Records provided:
********
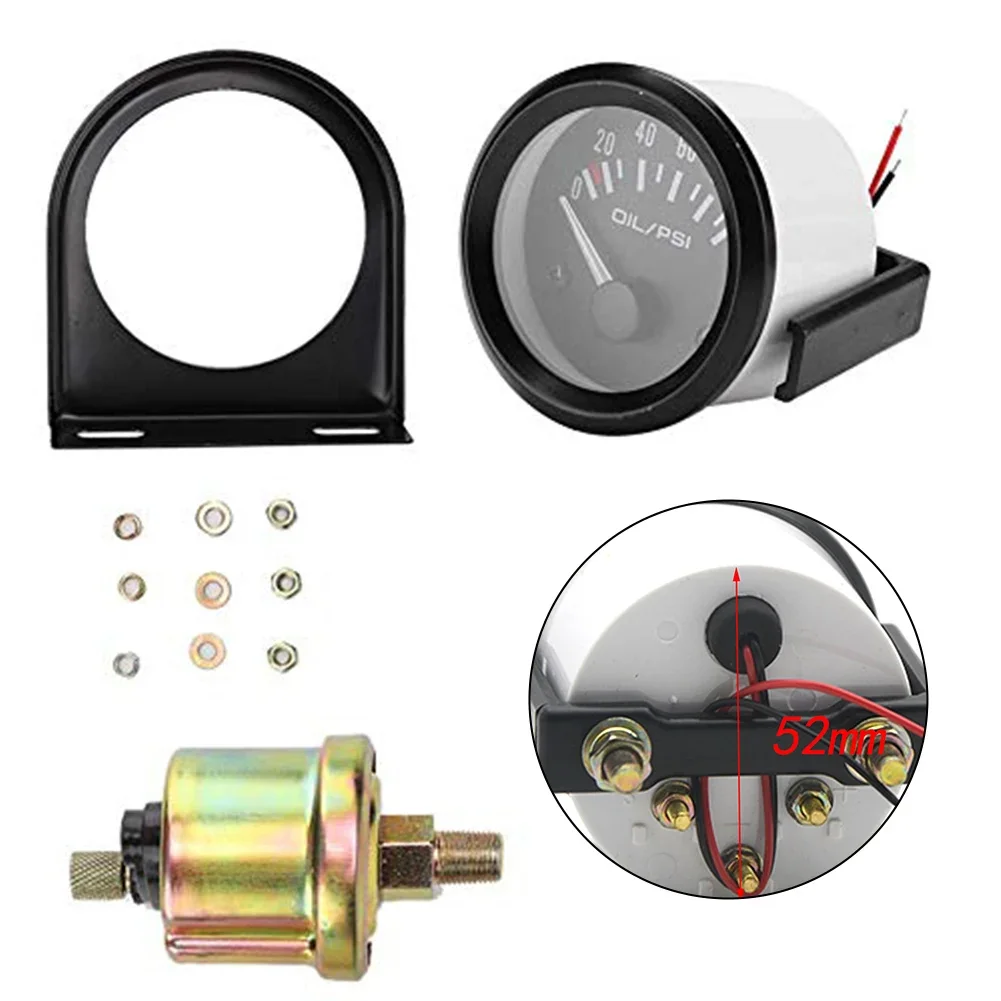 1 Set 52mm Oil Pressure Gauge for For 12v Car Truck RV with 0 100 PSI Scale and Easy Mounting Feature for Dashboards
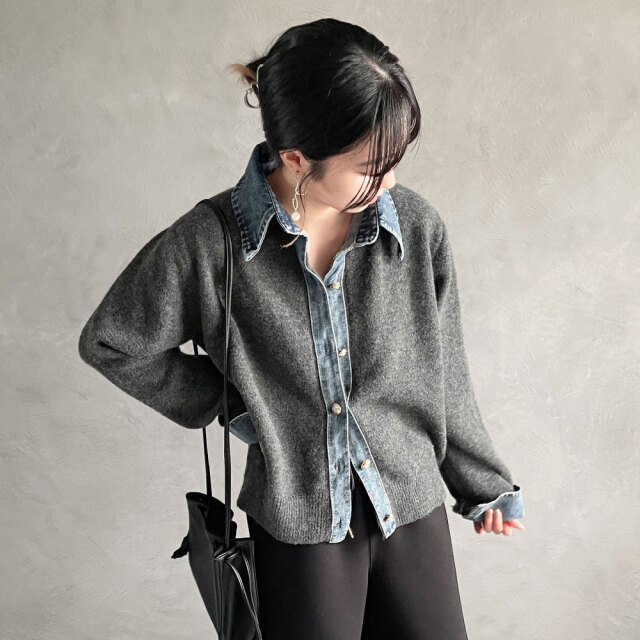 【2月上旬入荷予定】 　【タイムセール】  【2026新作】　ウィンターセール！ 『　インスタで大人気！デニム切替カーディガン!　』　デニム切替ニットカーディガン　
********
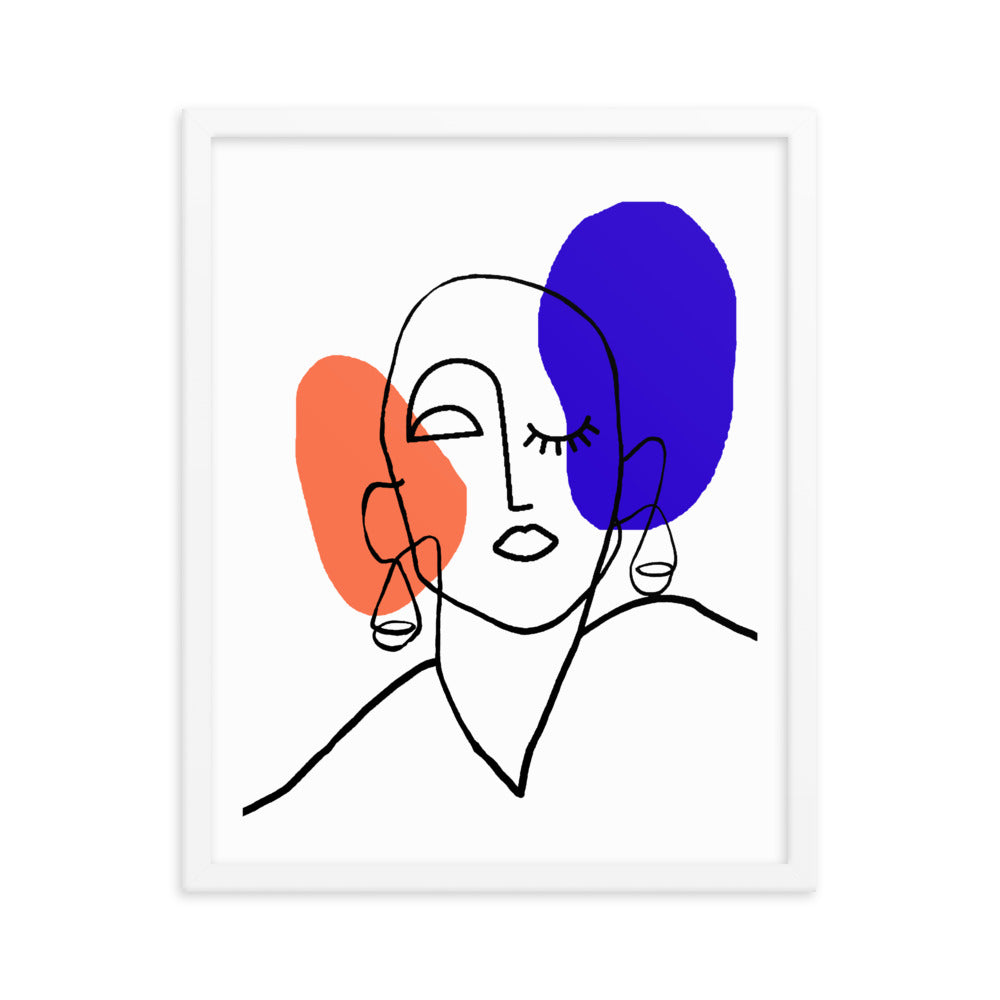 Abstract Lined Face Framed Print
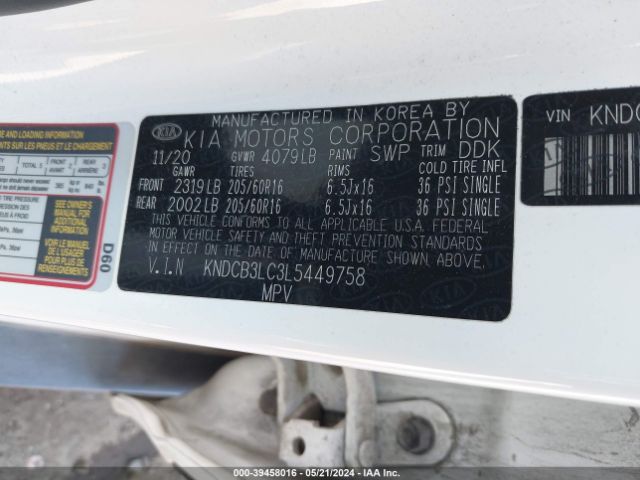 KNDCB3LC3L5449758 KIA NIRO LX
********
How to complete this task:
The reply should hold exactly the lines above, starting at the line with "Abstract Lined Face Framed Print" and ending at the line with "KNDCB3LC3L5449758 KIA NIRO LX", and no pictures.

Expected output:
 Abstract Lined Face Framed Print
 KNDCB3LC3L5449758 KIA NIRO LX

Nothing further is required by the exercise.